Philippe ARDANT, Olivier DUHAMEL

Introduction

Pouvoirs n°02 - Le Parlement européen - septembre 1977 (novembre 1981) - p.5

En 1979, l’Assemblée des Communautés européennes, qui s’était de longue date autoproclamée « Parlement européen », a été élue au suffrage universel direct. Les voix ne manquèrent alors pas pour annoncer et parfois dénoncer la perspective d’un glissement progressif vers une Europe fédérale dont l’Assemblée serait la constituante. Querelle au coeur du mythe européen et qui bouscule les clivages politiques habituels.

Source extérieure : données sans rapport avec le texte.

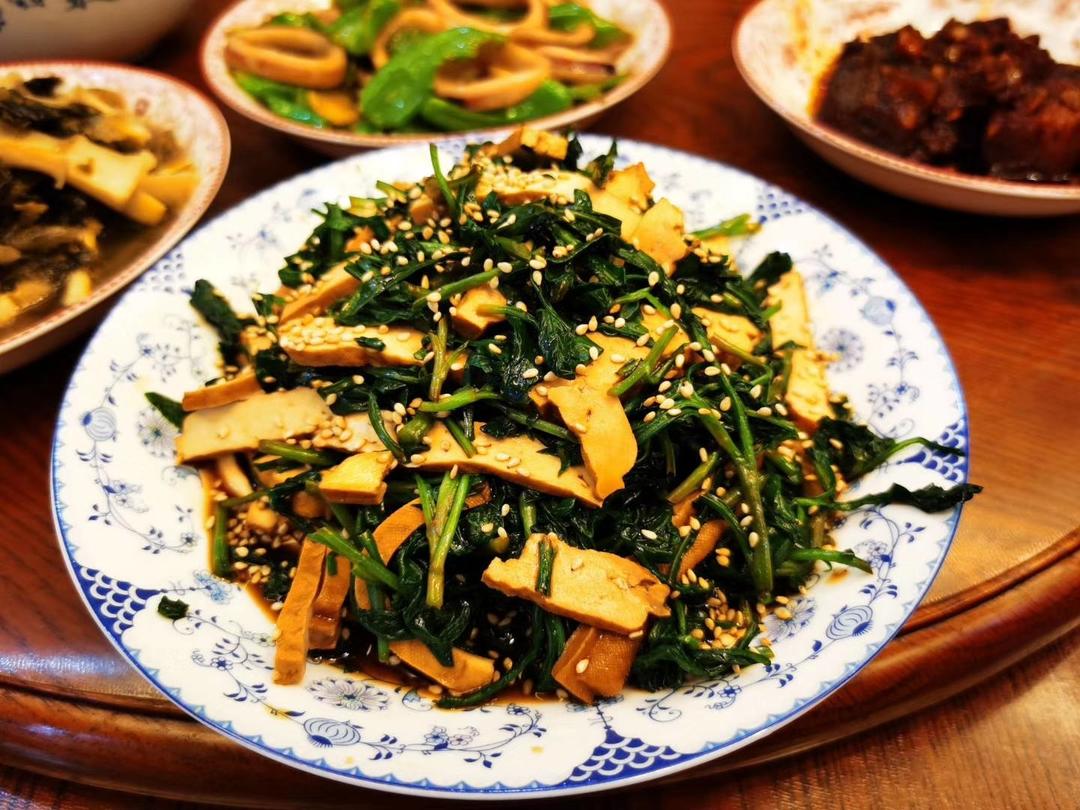 马兰头拌香干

Rappelons deux exemples. Le 6 décembre 1978, Jacques Chirac lance « l’appel de Cochin » dans lequel il critique implicitement giscardiens et socialistes : « Comme toujours, quand il s’agit de l’abaissement de la France, le parti de l’étranger est à l’oeuvre, avec sa voix paisible et rassurante. Français, ne l’écoutez pas. » Le 11 décembre 1978, 86 députés communistes et 150 députés chiraquiens adoptent une proposition de loi RPR qui interdit le financement communautaire des campagnes électorales. Georges Marchais souligne : « Ce n’est pas la première fois dans l’Histoire que nous nous retrouvons quand les intérêts fondamentaux de la France sont en jeu. »

Et pourtant, en juin 1979, les élections européennes semblent exprimer plutôt les désaccords de politique intérieure. Valéry Giscard d’Estaing peut souligner, le 15 mai 1979, que « jamais, dans notre pays, le consensus sur l’Europe n’a été aussi grand. Personne, qu’il ait voté pour ou qu’il ait voté contre, ne propose aujourd’hui de sortir du Marché commun. Personne (…) ne propose aujourd’hui de modifier le traité de Rome ».

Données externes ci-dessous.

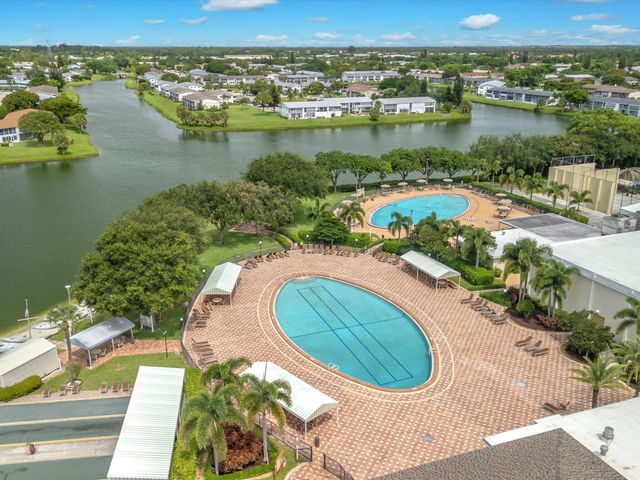 43 BERKSHIRE B, West Palm Beach, FL 33417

Et pourtant, le 23 juin 1981, l’entrée de ministres communistes dans le second gouvernement du septennat de François Mitterrand suit une déclaration commune du Parti socialiste et du Parti communiste français qui exprime ce consensus : « Les deux partis soutiendront activement la participation de la France à la CEE, à ses institutions, et à ses politiques communes, dans le respect de sa liberté d’action et de ses légitimes intérêts. »

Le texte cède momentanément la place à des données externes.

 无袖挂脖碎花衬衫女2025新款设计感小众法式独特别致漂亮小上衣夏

Ainsi va le débat européen, refoulé puis repris au gré de la conjoncture. Ce numéro de Pouvoirs en exposait les racines dès septembre 1977. Il est ici publié à nouveau et enrichi, par des analyses sur les premières élections européennes et des tentatives d’explication sur ce qui, par rapport à nombre de pronostics, apparaît bien comme la stabilité institutionnelle de l’Europe.